Advances in seismic processing allowed the original seismic data to be merged with a new narrow azimuth towed streamer (NATS) data that was acquired in 2000 along a different orientation (Michell et al., 2004). This dual-azimuth data set also incorporated new subsurface velocity information from the wells and resulted in improved image quality (Fig. 7B). North flank reflectors were more coherent and some reflectivity was achieved from the crest of the structure beneath the steeply dipping salt wall. However, when the appraisal and development wells for the new facility were drilled (2001–2005), further subsurface surprises were encountered, including the discovery of the western-graben bounding fault having over 1000 feet (305 m) of missing section, by the GC0782 #4_ST01. In addition to finding the largest fault in the field, this well also proved the presence of hydrocarbons on the west side of the structure. The increase in the resource base associated with this well gave BP management the confidence needed to approve a major new seismic acquisition program across the Mad Dog Field, designed to improve further the seismic image and reduce the oil in place uncertainty.
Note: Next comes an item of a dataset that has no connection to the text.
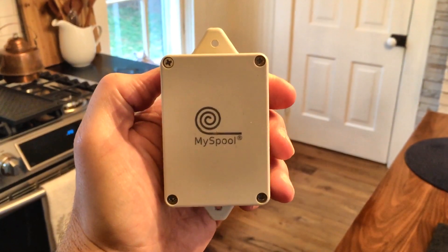Hi, I'm Lou, and I want to show you this nifty device that sends you a text when you tilt it. Let's look at a bunch of different ways we can use it.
Southwest ridge and Paleogene appraisal
First oil was achieved from the Mad Dog spar on January 13th, 2005. Around this time, the Southwest ridge appraisal wells were drilled in the field by Unocal (GC0825 #1; GC0826 #4). Results from these wells extended the known hydrocarbon column 800 feet (245 m) deeper on the west side of the structure. An updip sidetrack found another wet compartment (GC0826 #4_ST02) adding further complexity to the subsurface picture. Additional problems were encountered when a planned deep test well (GC0826 #2) encountered several 20 foot (6 m) thick intervals of mobile tar in 100 feet (30 m) of section that flowed up the wellbore and proved to be impassable (Romo et al., 2007). A second deep test at a different location (GC0826 #3) effectively twinned the discovery well without problems and confirmed an oil-water contact (OWC) in the early Miocene reservoir in the east compartment at 20,640 feet (6,291 m) true vertical depth subsea (TVDSS). This well also proved an accumulation of high-viscosity hydrocarbons in low permeability Paleogene-aged sands.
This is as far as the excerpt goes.